Jeniffer Dias e Julia Lemmertz são as protagonistas de “No Ano Que Vem” (Foto: Angélica Goudinho)

O AVESSO DO MESMO LUGAR

Em 2019, a Mangueira desfilou um enredo que questionava a forma com a qual se conta histórias. Mangueirense, Jeniffer destaca que se tornou artista justamente para dar voz àqueles que foram silenciados. “Me tornei artista por haver essa possibilidade, de contar histórias através do olhar diferente do que costumam dizer. Fico feliz por fazer parte desses projetos de carnaval, que são poderosíssimos, e que a Mangueira faz como ninguém. Neste ano a escola contou a biografia da Alcione, mulher que conta a vida de várias outras mulheres e como componente de Mangueira pude dar voz a isso, o que é incrível”.

Jeniffer Dias tem profundas relações com a Mangueira (Foto: Reprodução/Instagram)

Faz um tempo que o “Esquenta” programa de Regina Casé, saiu do ar nos domingos na Globo.
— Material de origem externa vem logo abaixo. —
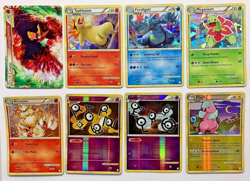 Pokemon Card Lot of 20, HeartGold & SoulSilver Set, LP - NM - Image 1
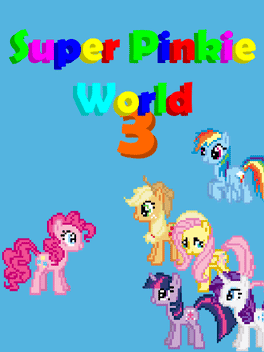 Super Pinkie World 3's background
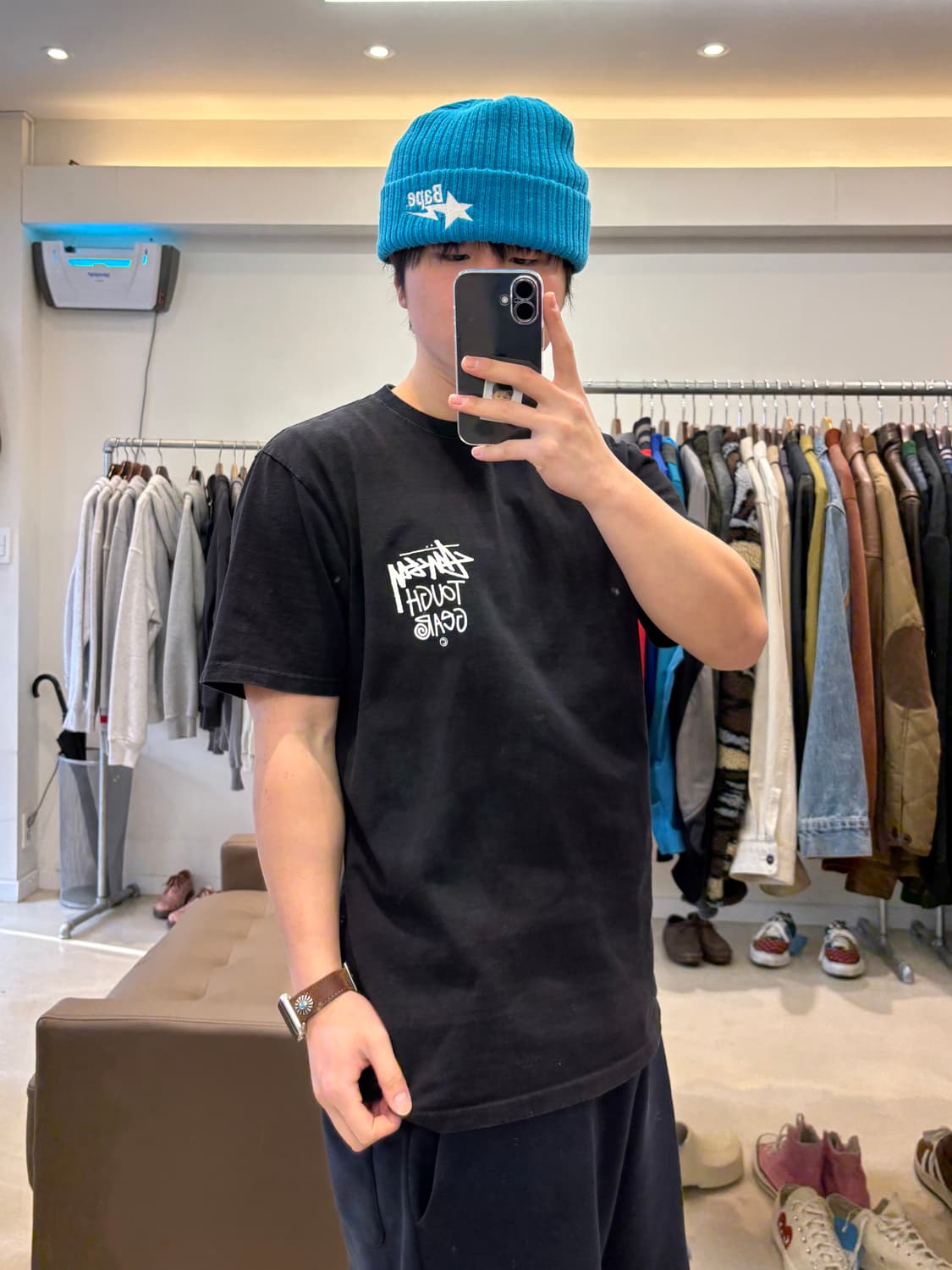 스투시 터프 기어 반팔 상품이미지9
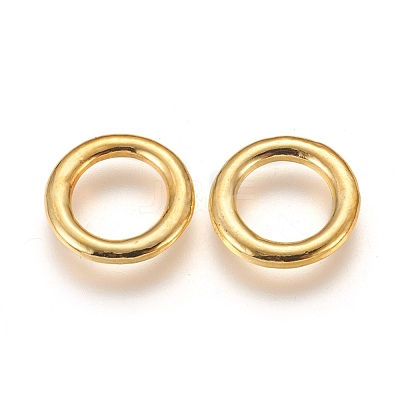 Alloy Linking Rings X-EA499Y-G-1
No princípio, tido como um dos programas responsáveis por dar voz ao subúrbio e levá-lo para a frente da televisão. Hoje há quem acuse o programa de haver estereotipado a Zona Norte. Jennifer fez parte do elenco como assistente de palco. Para ela, quem “critica não viu o ‘Esquenta‘. Ele tinha que estar no ar hoje, inclusive. Ele só agregou. Quando escuto falarem isso, relembro o quanto eu só cheguei onde cheguei por influência do programa e da Regina Casé. O “Esquenta” foi tão importante para mim que chegou a ser tema da minha festa de aniversário. Meu sonho é que ele volte ao ar”.

Na época do ‘Esquenta’, eu fazia Engenharia por pensar que só assim ajudar minha família. Através dele as pessoas puderam ver que a televisão era possível. Acho equivocado o olhar de quem diz ser o Esquenta uma estereotipação – Jeniffer Dias

Recentemente, Jeniffer dirigiu Jorge Aragão num clipe do cantor. Mais uma aproximação com o ídolo do samba. Aliás, o pai da moça, Ernani do Cavaco, é um dos componentes do Grupo Pirraça, um dos mais representativos grupos do gênero. “Desde sempre estive nas rodas de samba e conheci todos ia para as rodas cantar e conheci eles todos. Jorge Aragão escreve de uma forma especial e específica. Dirigir um clipe dele, que é um cara importante na minha vida, é algo que fico emocionada só em lembrar. Tinha que fazer a linha posturada e calma, só para estar com ele”.

 

Aprendi com Jorge Aragão que quem cede a vez não quer vitória. Isso ficou na minha memória. Parece que ele escreve pra gente, pra nossa galera preta. Se a minha versão criança soubesse que eu, adulta, dirigiria o Jorge Aragão, ela não acreditaria. Somos realmente herança da memória, como ele diz numa das canções – Jeniffer Dias

Jorge Aragão é, sem dúvida, um dos nomes iminentes da carreira recente de Jeniffer. Outro que ocupa um importante lugar de afeto é o do seu companheiro, o comediante Yuri Marçal. Para falar do namorado, ela usou uma expressão dele próprio: “Yuri é o meu neigro. A gente estudou junto na Escola de Atores Wolf Maya, há muito tempo, mas não éramos da mesma turma. Nos conectamos depois que fui num show dele. Temos uma parceria de amor, um grande fortalecimento. Yuri trabalha muito, viaja muito e eu também. Uma relação de troca, de cura, já que somos dois pretos trabalhando e vivendo nossos sonhos.

Jorge Aragão e Jeniffer Dias. Ela dirigiu clipe do cantor (Foto: Yves Lohan)

Diante de uma conversa na qual falamos sobre várias personalidades pretas, Jeniffer ressaltou que há uma figura que deve ser melhor conhecida, melhor falada: “Carolina Maria de Jesus (1914-1977). Sempre que posso falo dela. Trago à luz essa mulher fora da curva. Gostaria que todos soubessem sobre essa mulher que conseguiu ouro, para além da possibilidade que tinha. Carolina Maria de Jesus é gente para caramba!”.